One of the most difficult things to do in this world is for a person to explain themselves in an effective, efficient, and generous way so the listener comes away changed and realizes that there’s “something in it” for them as much as you do.
Poor communication and explanation are the seeds that germinate into war, divorce, a failed product launch, and even when good intentions can cause pain.
If you don’t understand it—your job, your book, your point—no one will.
First, there’s got to be a common thread between what you’re saying, the other person, and what you want them to understand. The sound of your voice, as charming and melodic as it is (I’m talking to you James Earl Jones); isn’t enough hold a person’s attention to listen with intent… well, unless you’re James Earl Jones.

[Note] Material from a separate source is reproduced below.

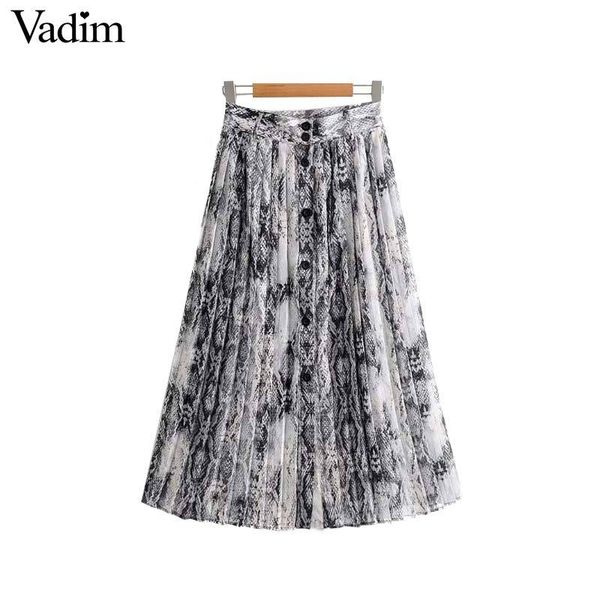 

vadim women chic snake print pleated skirt animal pattern buttons decorate faldas mujer vintage casual mid calf skirts ba214, Black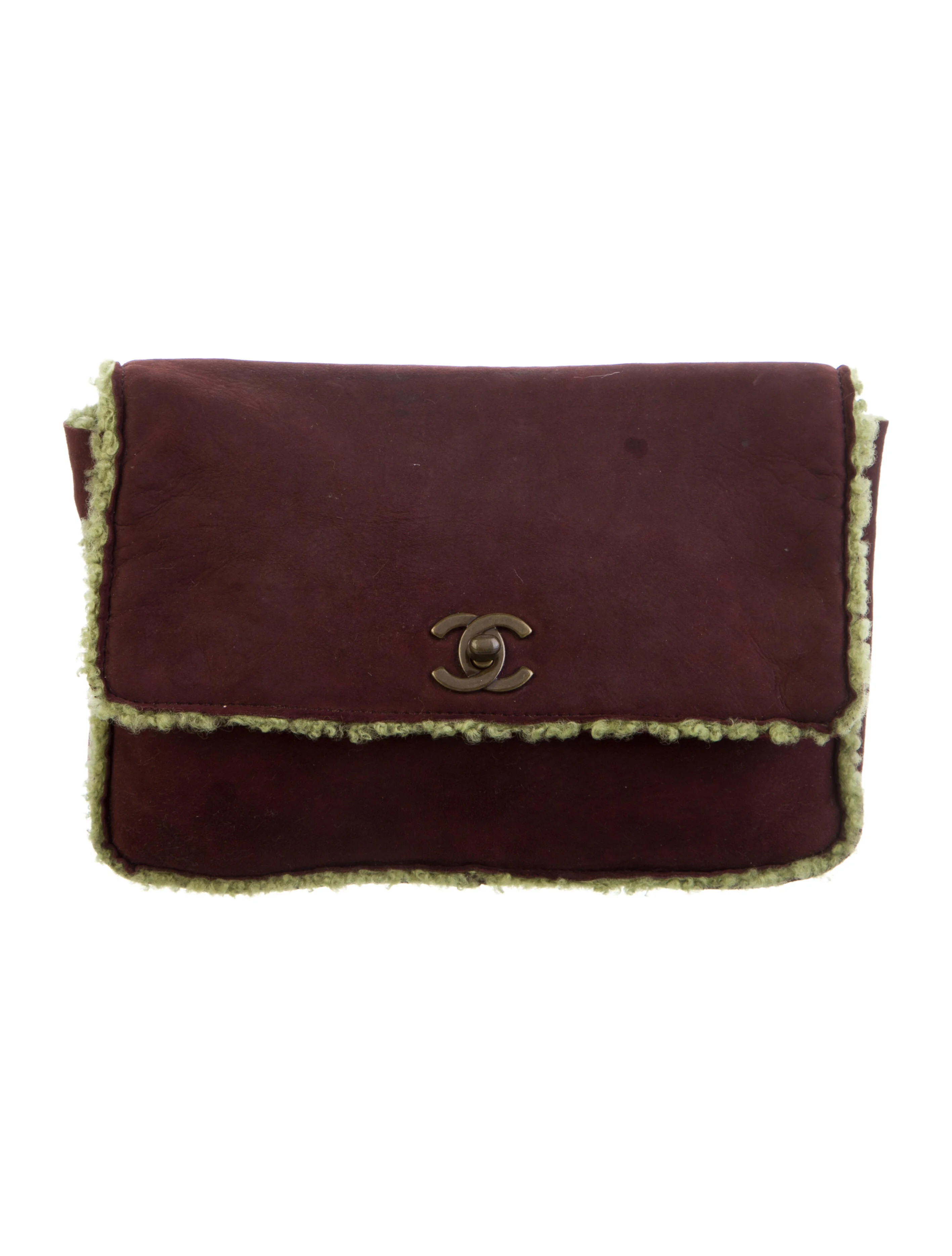 Vintage Suede Shearling Clutch | The RealReal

Search for a starting point that’s going to make the person perk up their ears, whatever it is. Kelly Wilson describes what that moment was like when she had to explain something to her young son dealing with a disability. It’s brilliant, it marries the person and professional, and it’s HERE.
A) Keep it as brief as possible, B) remove the jargon, and C) give people the space to ask questions and understand on their own and in their own way.
It’s that last part “C” that’s truly the most difficult and for several reasons
1) Often when people ask questions there is something else, unsaid and affected by the person’s frame of reference, attached to the question: fear, mistrust; or even as simple as lack of vocabulary.
2) Part of what you’re doing when you’re giving people the space to ask questions and think things through—you’re also reading their body language and tone of voice for clues to help you explain yourself better or refine your message.
“I’m sensing by your tone of voice you might be skeptical.”
“I’m sensing by your arms crossed that you might be closed off to the idea.”
Then you get to ask why or go deeper on what you’re trying to expound upon. In some cases you won’t get another chance so A) you’ll learn to explain differently off the bat, or B) you can try again later in a different way, or C) you’ll learn that you need to learn more about the very thing you’re trying to explain
3) Helping people understand on their own and in their own way. This is something that people aren’t used to. If someone is in trouble or doesn’t understand, we want to fix the issue. But the problem is, we try to fix it in a way that makes sense to us, and not to the other person. You might find that it’s easier for you, for a variety of reasons to get to the highway using route A or the scenic route; but the other person might find using route B, the speedy route, is faster. Neither route is wrong for each respective person—each route leads to the highway—but give a person a route that makes little to no sense to them; and they may never get to the highway or worse, they’ll never try.
How do we give a person the space to understand on their own and in their own way? We listen both for verbal cues and for physical cues. Silence is great. People don’t often think well with a bunch of noise and demands on top of their thoughts. Asking questions is brilliant. “How can I help you understand this better?” “What part of this makes the least sense?” “Where did I lose you?”
The questions are great because you’re asking for instructions, you’re asking for permission from the other person rather than making demands (“no, you don’t get it, it’s like this” “listen to me explain it again”)—which is always a better way to approach a person.
If you want to sell that idea, make peace in the home, or help that person in crisis—try switching up or refining the way you explain yourself… but make it work for you in your own way. Take the words I wrote with a grain of salt, using the parts of it that work best for you (if any), while leaving the rest.
And yes, I’m aware of the irony that someone might read this and not understand it. And to you I ask, what part of this was difficult to understand and how can I explain it better?